Quando abbiamo iniziato questo percorso lo vedevo com una passeggiata: "cosa vuoi che sia, siamo perfetti, perchè mai non dovrebbero darci un figlio?".
Dover ripartire daccapo dopo che ci avevano bloccati lo ritenevo una perdita di tempo non una sconfitta, a prescindere dalle motivazioni date.
In quei mesi successivi, durante i secondi colloqui, è successo di tutto. Provavo una rabbia verso il mondo, così improvvisamente. Rabbia che si doveva sfogare su qualcuno e quel qualcuno "purtroppo" è stata Silvia. Purtroppo rigorosamente tra "", perchè grazie a quella rabbia ho capito cosa volesse dire soffrire per amore. E chi me l'ha fatto capire è stata proprio lei. Lei che si prendeva le colpe di tutto quanto di male succedeva nella nostra vita. Si prendeva pure le colpe di quando la squadra di calcio per cui tifo, perdeva. Un'altra persona mi avrebbe buttato fuori di casa, lei invece mi ha semplicemente teso la mano e ha accettato tutto soffrendo in silenzio, a volte, e urlando per farmi reagire in altre occasioni.

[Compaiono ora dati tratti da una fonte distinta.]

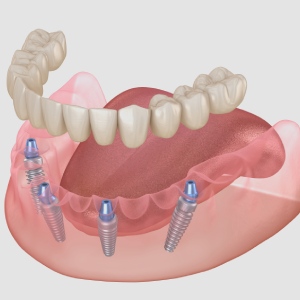 All On 4 Dental Implants in Santa Ana, CA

Grazie a lei sono ripartito e grazie a lei ho iniziato a VEDERE i bambini.
Non ho mai visto o osservato un bambino in carrozzina, non ho mai provato invidia per un uomo che cammina a fianco di una donna con la pancia perchè ritengo questo un fatto del tutto naturale, come ritengo naturale vedere un bambino adottato con i propri genitori, ma quello che mi è successo da allora è stato vedere solo ed esclusivamente i bambini adottivi ed emozionarmi nel vederli insieme ai genitori.
Ho ancora tanta paura che qualcosa non sia del tutto pronto in me. Ho ancora paura di non essere domani un buon genitore, ma ho a fianco una persona che mi aiuterà in questo ruolo e posso dire con abbastanza certezza che io saprò aiutare lei se ne avrà bisogno.